WHAT TO WORK ON. Every line from the line containing "St. Sofia sculpture in Sofia, Bulgaria" through the final line below is to be repeated exactly; no other line is.
____ MATERIAL PROVIDED
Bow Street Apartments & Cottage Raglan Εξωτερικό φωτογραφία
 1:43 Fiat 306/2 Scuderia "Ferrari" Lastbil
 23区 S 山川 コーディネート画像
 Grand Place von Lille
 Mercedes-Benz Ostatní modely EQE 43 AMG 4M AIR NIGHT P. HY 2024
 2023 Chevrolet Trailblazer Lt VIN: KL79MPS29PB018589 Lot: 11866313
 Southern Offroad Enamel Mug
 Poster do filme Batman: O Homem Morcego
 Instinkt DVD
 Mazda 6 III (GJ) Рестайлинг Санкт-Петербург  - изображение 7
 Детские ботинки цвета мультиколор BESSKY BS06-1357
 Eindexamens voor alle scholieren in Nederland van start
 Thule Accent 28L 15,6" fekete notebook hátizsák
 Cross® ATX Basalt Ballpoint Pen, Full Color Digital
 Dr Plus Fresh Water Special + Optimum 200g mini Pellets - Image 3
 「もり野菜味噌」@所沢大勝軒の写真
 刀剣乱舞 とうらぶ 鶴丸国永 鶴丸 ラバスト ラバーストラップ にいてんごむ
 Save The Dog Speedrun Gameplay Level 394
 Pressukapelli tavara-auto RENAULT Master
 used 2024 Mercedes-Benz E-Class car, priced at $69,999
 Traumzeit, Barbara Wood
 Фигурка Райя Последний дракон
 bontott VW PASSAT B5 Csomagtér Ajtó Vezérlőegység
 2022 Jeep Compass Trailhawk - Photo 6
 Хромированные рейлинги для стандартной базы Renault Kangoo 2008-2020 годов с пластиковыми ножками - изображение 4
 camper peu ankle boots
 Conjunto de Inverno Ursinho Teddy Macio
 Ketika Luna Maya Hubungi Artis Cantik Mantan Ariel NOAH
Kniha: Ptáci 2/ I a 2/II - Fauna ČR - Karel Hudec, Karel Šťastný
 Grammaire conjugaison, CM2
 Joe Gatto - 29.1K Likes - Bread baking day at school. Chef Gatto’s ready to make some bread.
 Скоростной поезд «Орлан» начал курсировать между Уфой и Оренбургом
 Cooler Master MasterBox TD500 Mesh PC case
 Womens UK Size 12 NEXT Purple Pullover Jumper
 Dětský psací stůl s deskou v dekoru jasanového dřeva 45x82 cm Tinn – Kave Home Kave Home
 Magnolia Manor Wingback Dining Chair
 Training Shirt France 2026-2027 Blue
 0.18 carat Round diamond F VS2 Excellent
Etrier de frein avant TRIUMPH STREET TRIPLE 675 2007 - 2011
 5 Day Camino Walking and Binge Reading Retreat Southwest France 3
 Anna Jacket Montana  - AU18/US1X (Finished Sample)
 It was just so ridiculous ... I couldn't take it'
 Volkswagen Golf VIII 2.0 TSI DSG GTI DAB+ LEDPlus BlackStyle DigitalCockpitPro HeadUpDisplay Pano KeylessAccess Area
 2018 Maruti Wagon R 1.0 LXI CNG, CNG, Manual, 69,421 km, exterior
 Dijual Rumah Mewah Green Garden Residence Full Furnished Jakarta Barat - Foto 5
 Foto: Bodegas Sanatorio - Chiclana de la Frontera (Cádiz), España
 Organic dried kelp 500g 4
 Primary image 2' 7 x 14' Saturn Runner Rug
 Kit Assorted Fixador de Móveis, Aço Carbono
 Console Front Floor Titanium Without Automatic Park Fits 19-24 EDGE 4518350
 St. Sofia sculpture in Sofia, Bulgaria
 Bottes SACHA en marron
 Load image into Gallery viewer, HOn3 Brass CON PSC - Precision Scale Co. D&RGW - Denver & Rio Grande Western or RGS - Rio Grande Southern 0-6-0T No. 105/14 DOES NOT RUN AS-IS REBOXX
________
WRITTEN SOLUTION.
 St. Sofia sculpture in Sofia, Bulgaria
 Bottes SACHA en marron
 Load image into Gallery viewer, HOn3 Brass CON PSC - Precision Scale Co. D&RGW - Denver & Rio Grande Western or RGS - Rio Grande Southern 0-6-0T No. 105/14 DOES NOT RUN AS-IS REBOXX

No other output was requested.